Entries taken from a collection:

☆ ☆ ☆ ☆ ☆

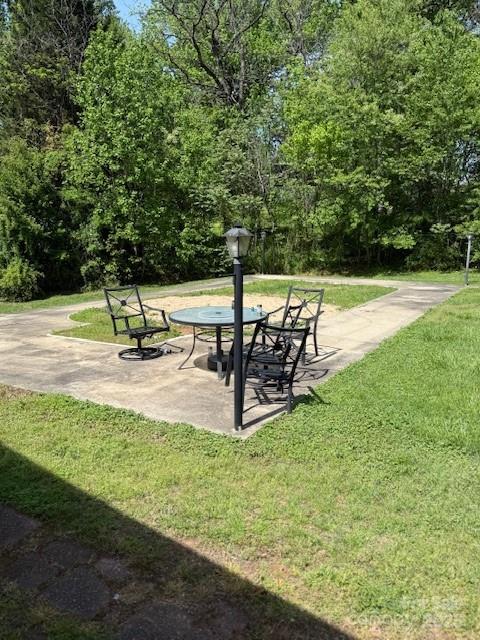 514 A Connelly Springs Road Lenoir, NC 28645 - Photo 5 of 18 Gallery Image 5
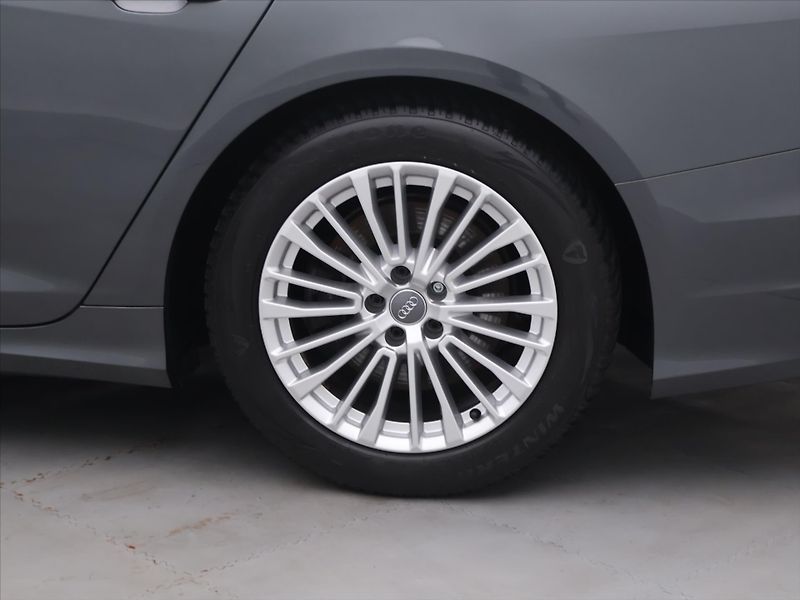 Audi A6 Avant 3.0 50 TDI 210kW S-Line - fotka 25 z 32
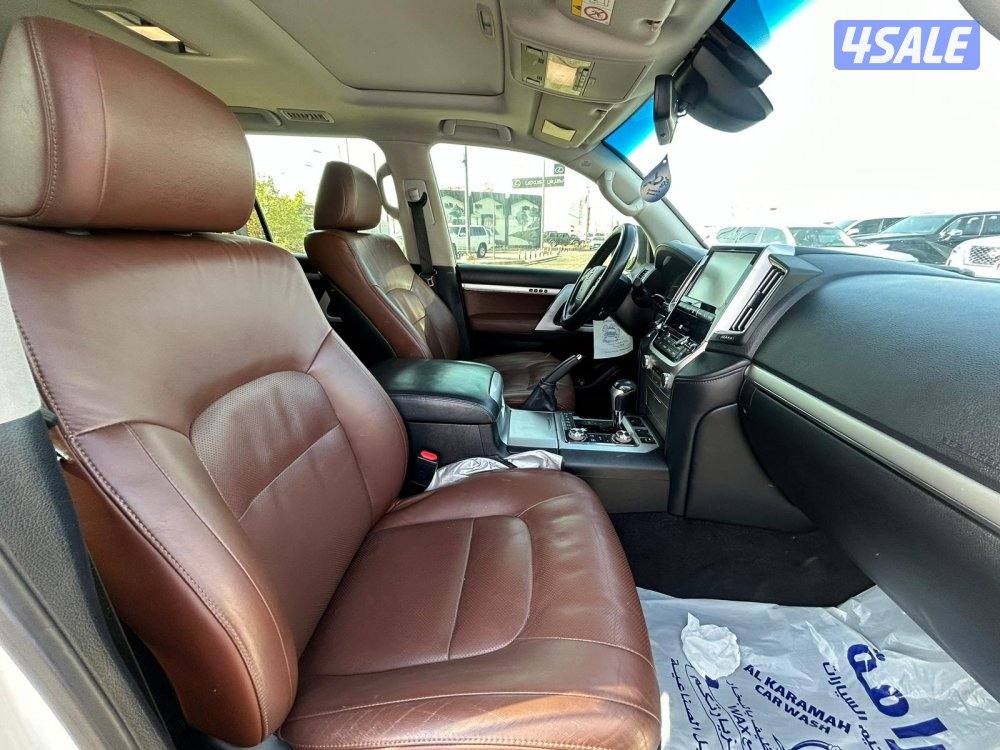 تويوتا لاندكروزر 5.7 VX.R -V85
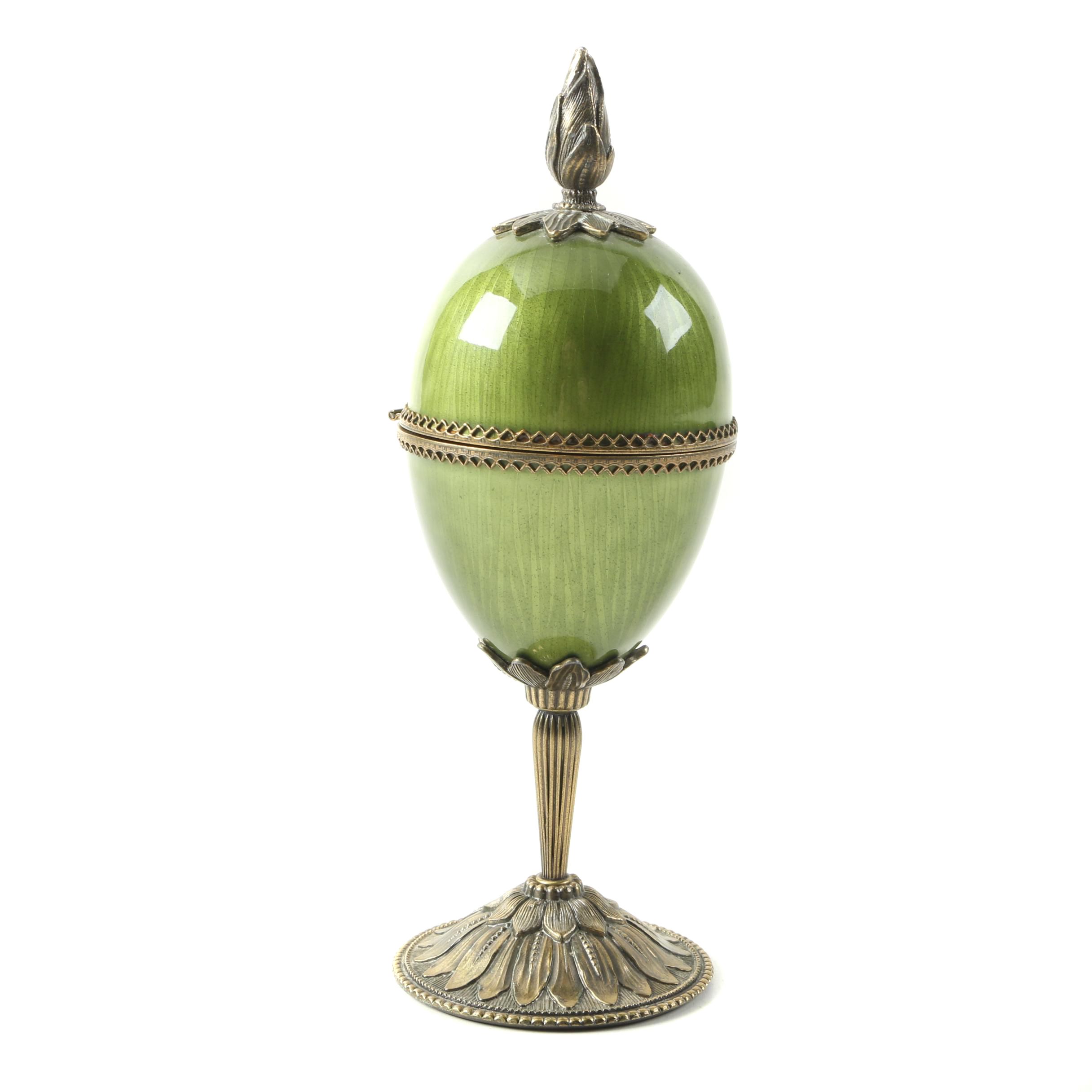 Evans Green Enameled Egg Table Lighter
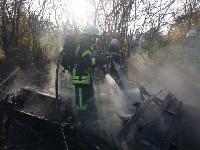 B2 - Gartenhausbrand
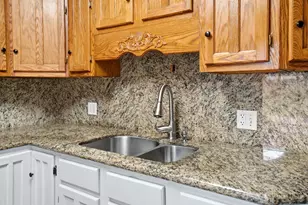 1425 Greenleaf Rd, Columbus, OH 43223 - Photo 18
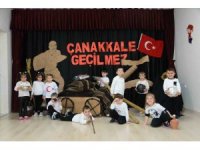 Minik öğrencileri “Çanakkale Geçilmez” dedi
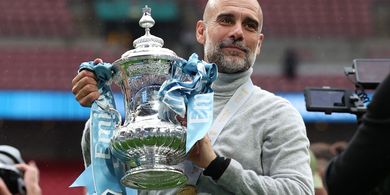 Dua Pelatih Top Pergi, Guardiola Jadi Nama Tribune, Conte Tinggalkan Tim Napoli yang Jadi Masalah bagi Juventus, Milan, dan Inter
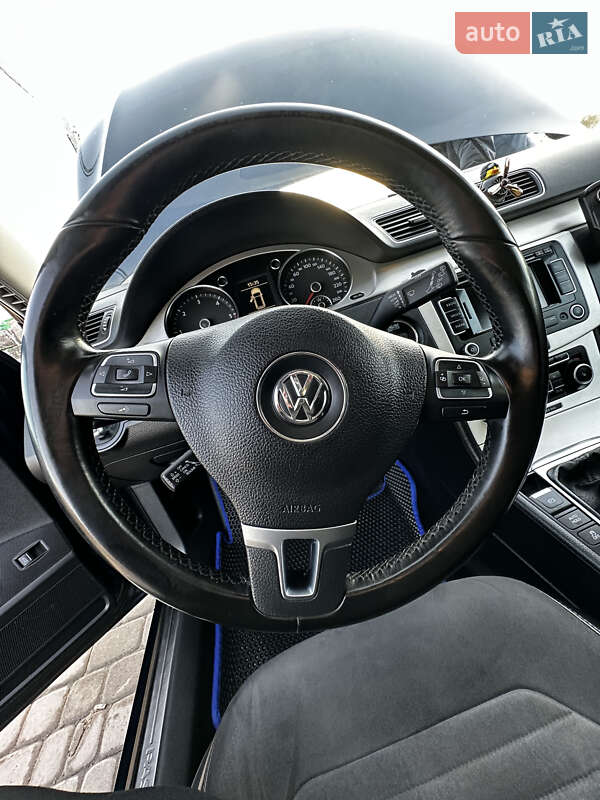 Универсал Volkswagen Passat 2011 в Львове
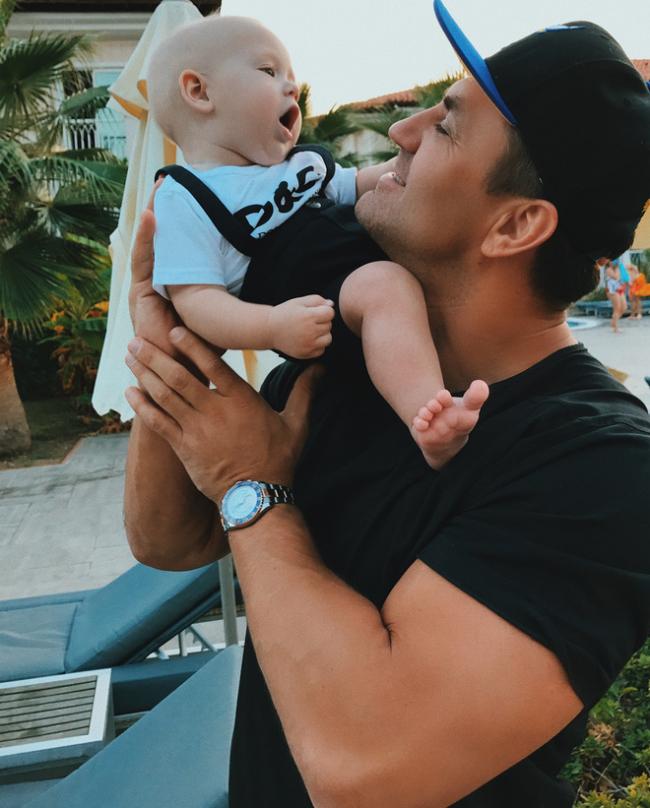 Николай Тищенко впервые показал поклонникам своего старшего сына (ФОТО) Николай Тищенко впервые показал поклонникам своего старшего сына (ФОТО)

☆ ☆ ☆ ☆ ☆

*WHAT THIS TASK INVOLVES*
All lines from the one containing "تويوتا لاندكروزر 5.7 VX.R -V85" to the end of the entries should appear in the output exactly as written, with no pictures.

*TASK RESPONSE*
 تويوتا لاندكروزر 5.7 VX.R -V85
 Evans Green Enameled Egg Table Lighter
 B2 - Gartenhausbrand
 1425 Greenleaf Rd, Columbus, OH 43223 - Photo 18
 Minik öğrencileri “Çanakkale Geçilmez” dedi
 Dua Pelatih Top Pergi, Guardiola Jadi Nama Tribune, Conte Tinggalkan Tim Napoli yang Jadi Masalah bagi Juventus, Milan, dan Inter
 Универсал Volkswagen Passat 2011 в Львове
 Николай Тищенко впервые показал поклонникам своего старшего сына (ФОТО) Николай Тищенко впервые показал поклонникам своего старшего сына (ФОТО)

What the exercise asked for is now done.